Since then, the archival corpus has been transferred to several places, from the Banchi Pubblici to the flour storehouse on the dock of the Mandracchio, or to the Monte di Pietà in San Biagio de' Librai and to the monastery of San Pietro a Maiella, in several merchandise storehouses, flats rented for this purpose and even in the offices of municipal employees.
The petitions presented by several cultural movements with regard to a new way of drawing up and keeping an archive, started to take shape after the historical events related to the French Revolution and the transformations such events caused in politics, society, culture and administration, also finding a reason of being in the preservation and fruition of the City Historical Archive.

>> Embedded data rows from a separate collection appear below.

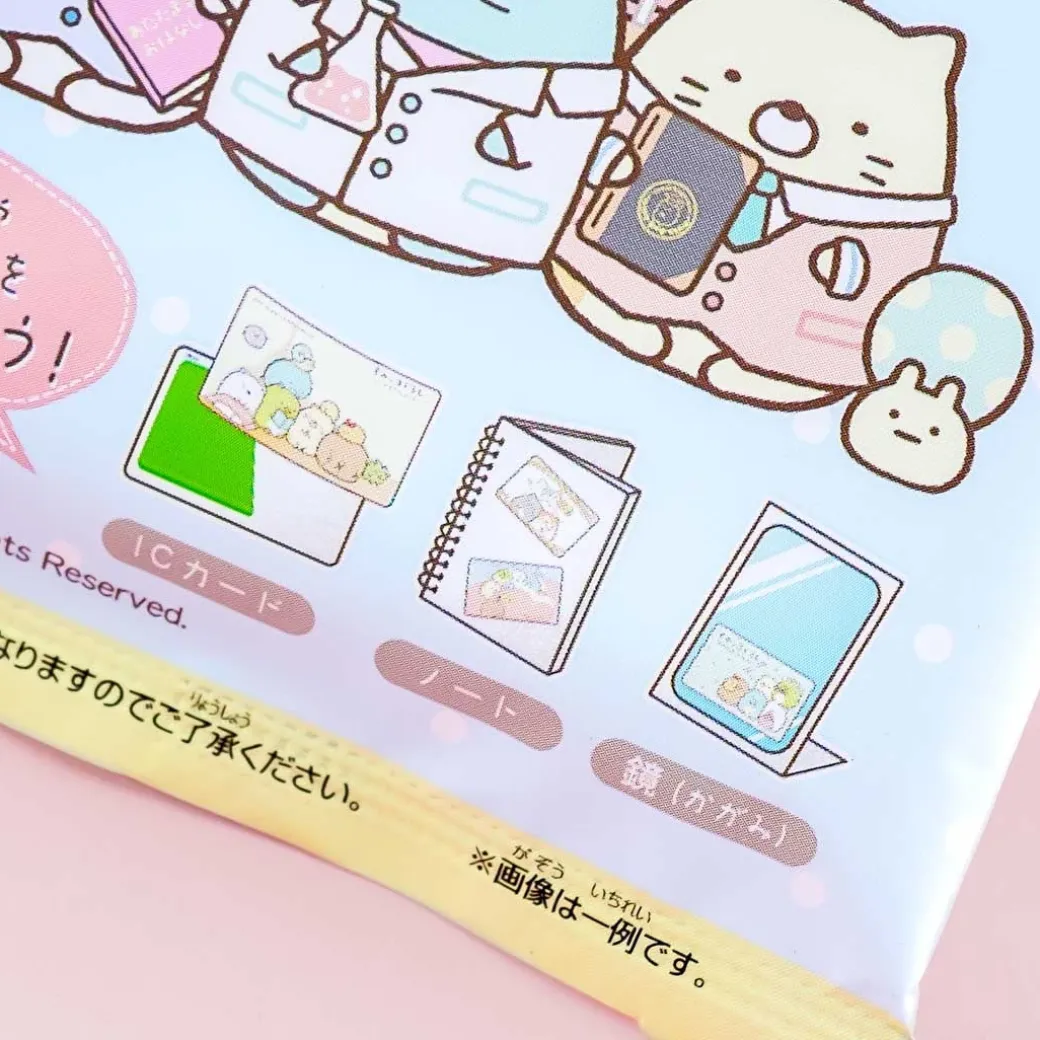 Sumikko Gurashi Deco Stickers With Gum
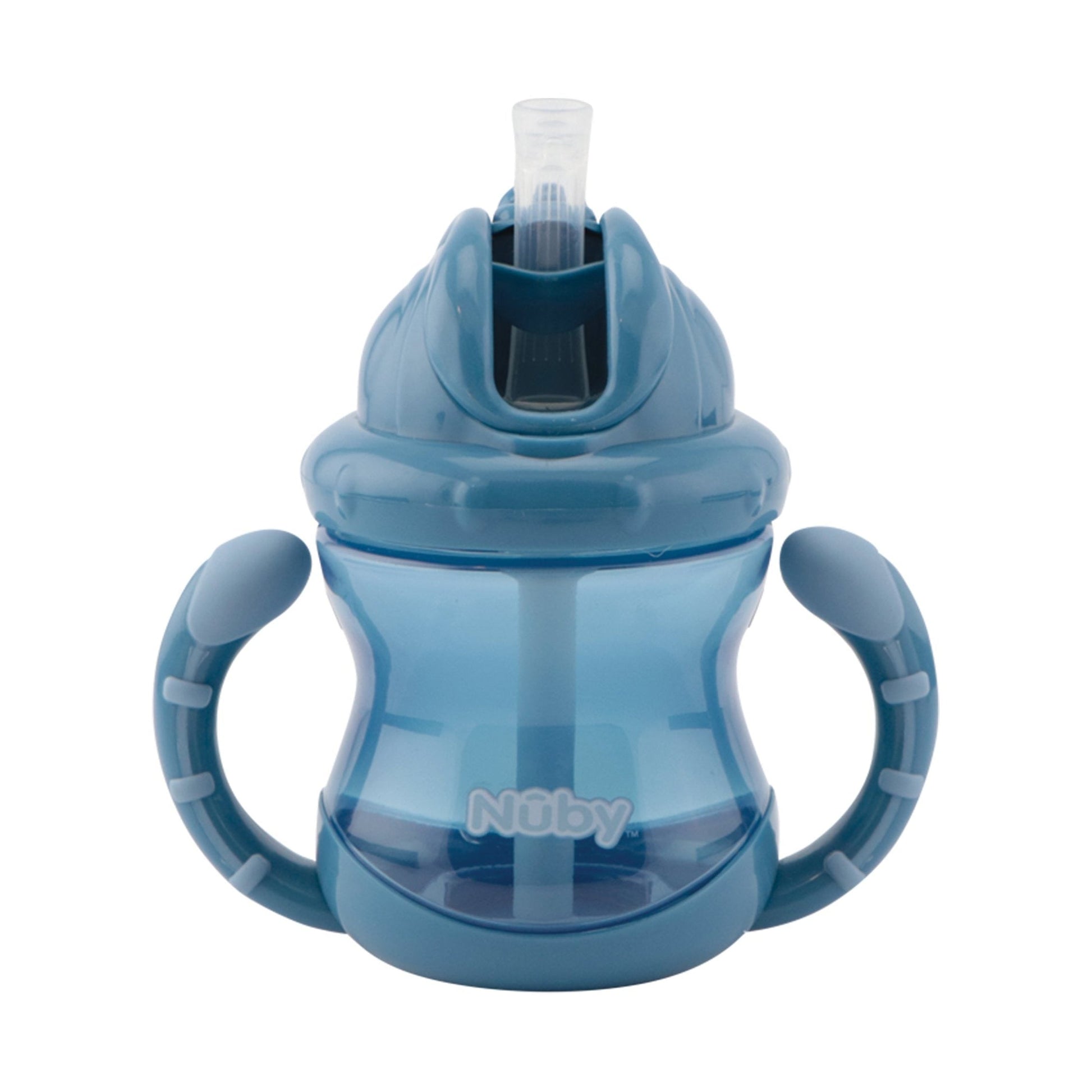 Nuby Twin Handle Flip-It Cup 240ml 12m+ | Prenatal, Babies, Nusring, Cybex, Avent Cup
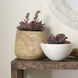Brea 13.5 X 12 inch Wooden Vase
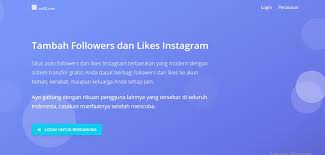 Anda harus memberikan data yang valid untuk bisa mendapatkan followers di platform kami. 20 Situs Auto Followers Instagram 2021 Terbaik 100 Gratis Infokuy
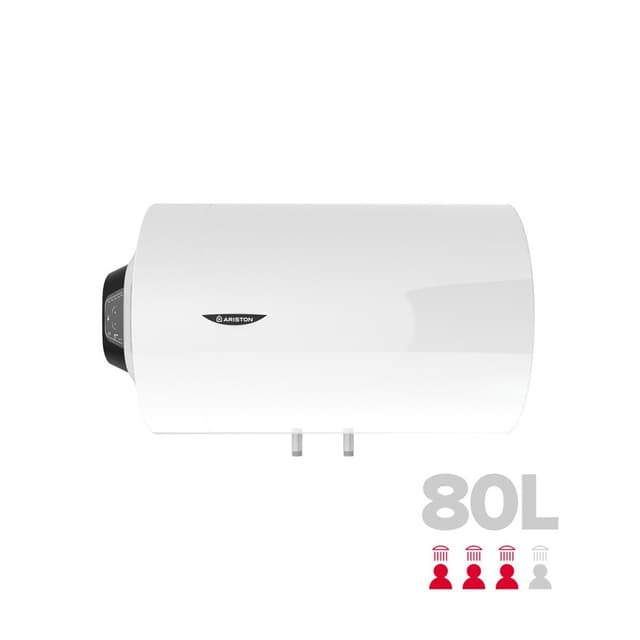 Detalle de Ariston PRO1 ECO 80 H 80 litros termo horizontal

The revaluation of what was deemed as historical heritage was opposed by continuous political transformations, therefore, despite the administrative authorities' decrees ordered between 1823 and 1825 about the maintenance of the Historical Archive, the situation was not so different from that of recent years. On the contrary, after a period of relative stability the archival material started to be moved around so that several parts of it were transferred to the monastery of Sant' Anna de' Lombardi in Monteoliveto. In 1853, about eighty parchments were moved from there and stored in the Great Archive of the Kingdom of the Two Sicilies. At last, in 1867, most of the documents could be found in Palazzo San Giacomo.
During the Second World War, it was thought better for the archival documents to be stored in the premises below the Torre del Beverello in Castel Nuovo, but, although safe from the war, they couldn't be saved from acts of vandalism: on March 4th 1946 an act of arson seriously mutilated the archival corpus.

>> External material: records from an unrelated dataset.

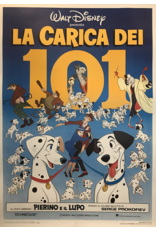 SPV Walt Disney La Carica Dei 101(Italian 101 Dalmatians)
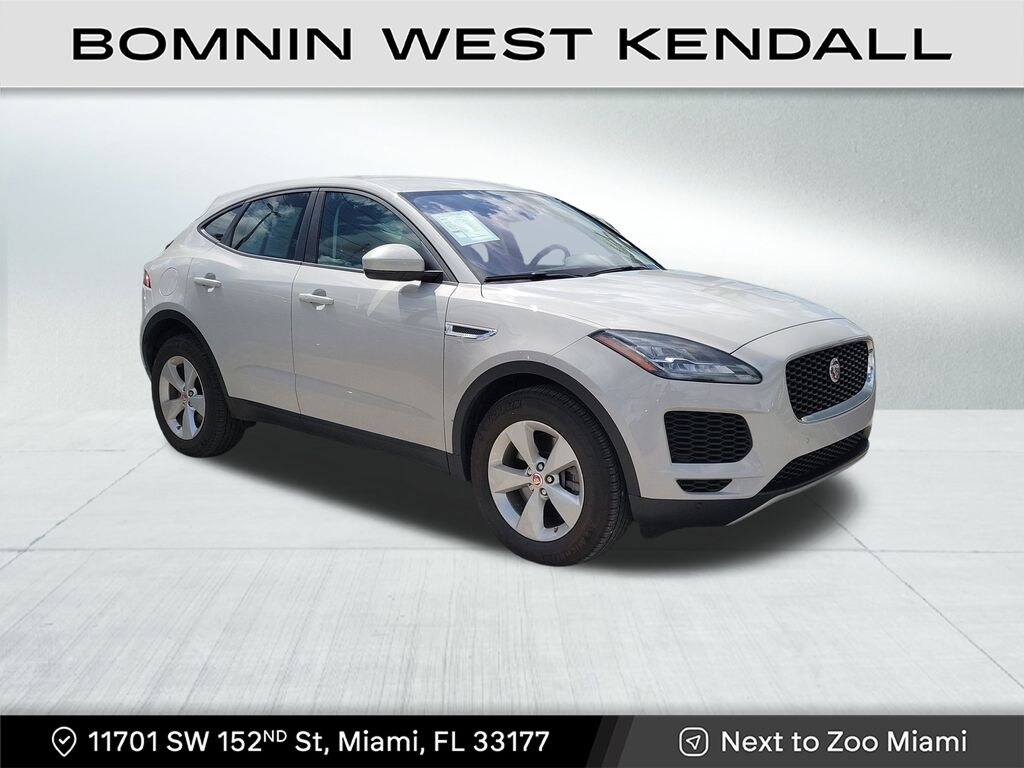 Used 2020 Jaguar E-PACE Base SUV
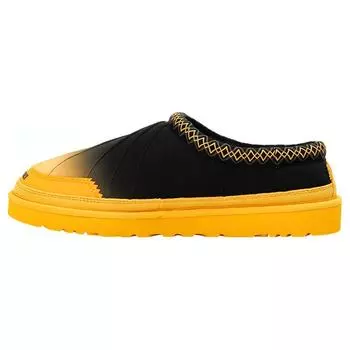 Удобные повседневные кроссовки UGG Low Top, унисекс, черные, желтые, 1157352-BCKY 37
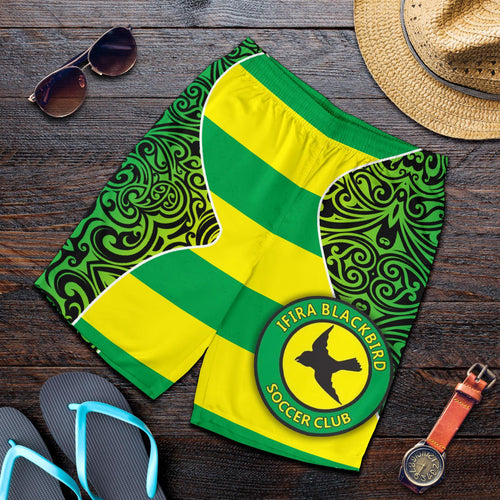 ifira-black-bird-all-over-print-mens-shorts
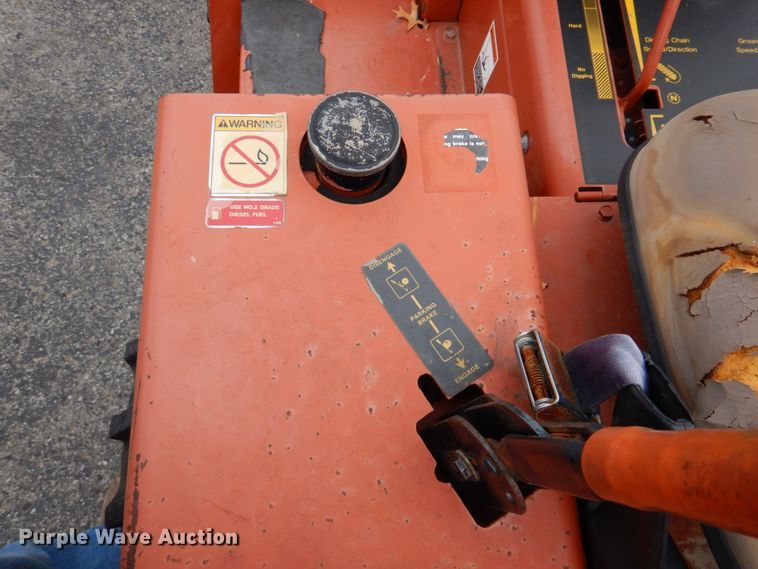 image for item DK1274 Ditch Witch 3500  rock saw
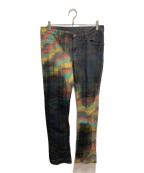 L.G.Bルグランブルー）の古着「S-WOLF グラデーションパンツ」｜マルチカラー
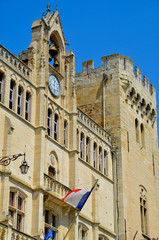 La mairie de Narbonne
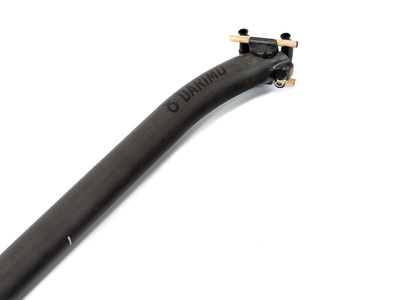 DARIMO CARBON Seatpost T2 SB 25 mm Offset | UD matte / black | 31,6 mm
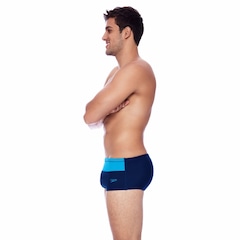 Sunga Speedo Masculina Tradicional Color Block - Foto 3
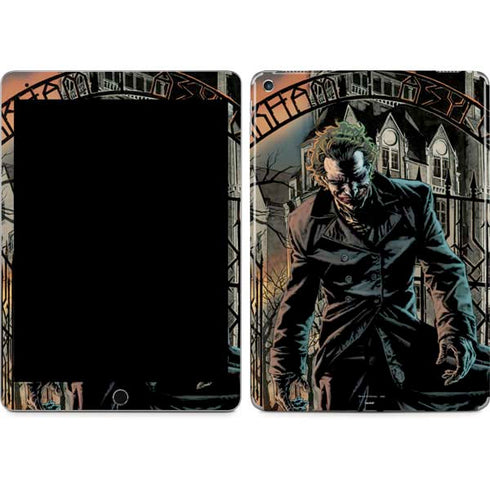 DC Comics The Joker Walking Dark Grounds Comic Art By Lee Bermejo iPad Skins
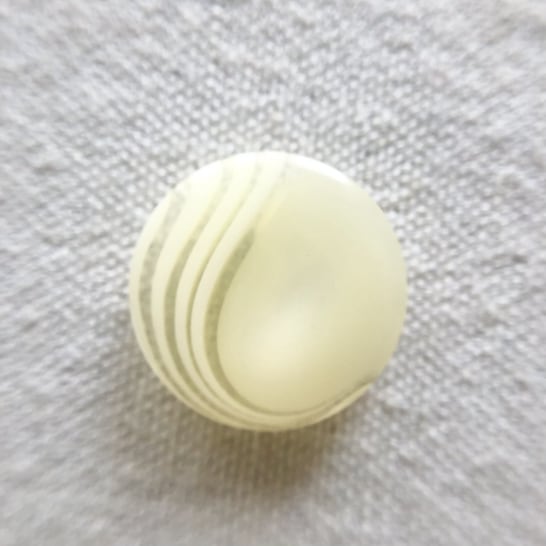 ●『2個セット』クリアライン×アイボリー 20㎜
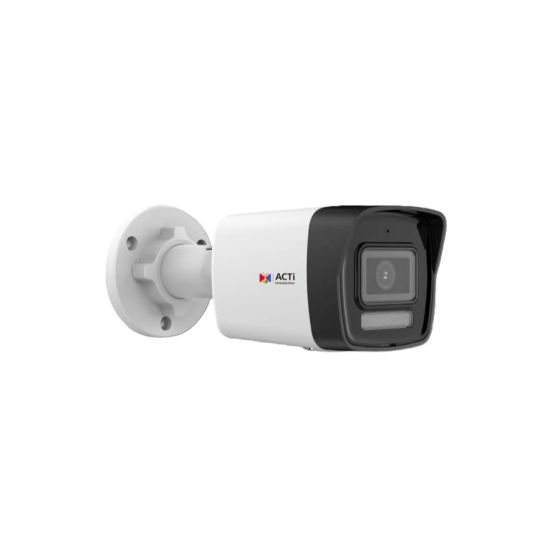 ACTi L31 2 Megapixel Network IP IR Deep Learning AI Bullet Camera with 2.8mm Lens L31 by ACTi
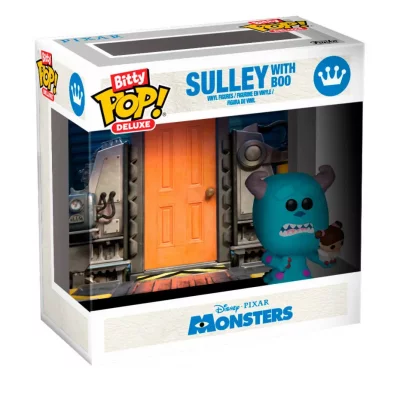 FUNKO Figurine  Bitty Deluxe Disney Pixar Monsters Inc. Sulley with Boo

After 1980 the City Historical Archive of Naples was enriched with new sections coming from the former Institutions of Public Assistance and Charity.
Bartolommeo Capasso (1815-1900). "Genius of historiographical and archival studies of southern Italy", he was an authoritative researcher of the historical and cultural tradition of his city.
Member of prestigious Italian and foreign academies, he was one of the founders of the Società Napoletana di Storia Patria, where he held the position of chairman from 1883 until his death.
From 1882 until 1990, he was supervisor of the State Archive in Naples and, after dedicating himself to the activity of classification of documents stored in the City Historical Archive of Naples, on November 26th 1879, the Town Council, led by Mayor Girolamo Giusso, appointed him to the post of "General Supervisor of the Archive and Director of the Library of the City of Naples". He was also president of the Municipal Board for the conservation of monuments. The annotated Catalogue of books, registers and writings stored in the old section or first series of the City Historical Archive of Naples (1387-1806), Naples 1876-1899 was the result of his precious work of reorganization of the city historical archive.
Alessandro Cutolo (1899-1995). Regular Professor of Medieval History at the University of Rome, former scholar of Benedetto Croce, was appointed in 1928 by the Royal Commissioner of the City to be "in charge of the management, reordering and evaluation of the Historical Archive of the City of Naples". During that period, he founded a series of publications, Documents and Monographs of Neapolitan Municipal History, and published two of his numerous studies: The Priviledge of Angevin Kings to the City of Naples, Naples 1929, and The Decurion Era of Naples (1807-1861) , Naples 1932. He was also editor and protagonist, thus winning popularity, of one of the first cultural television programs in Italy: "Answers for you", broadcast from 1954 until 1968.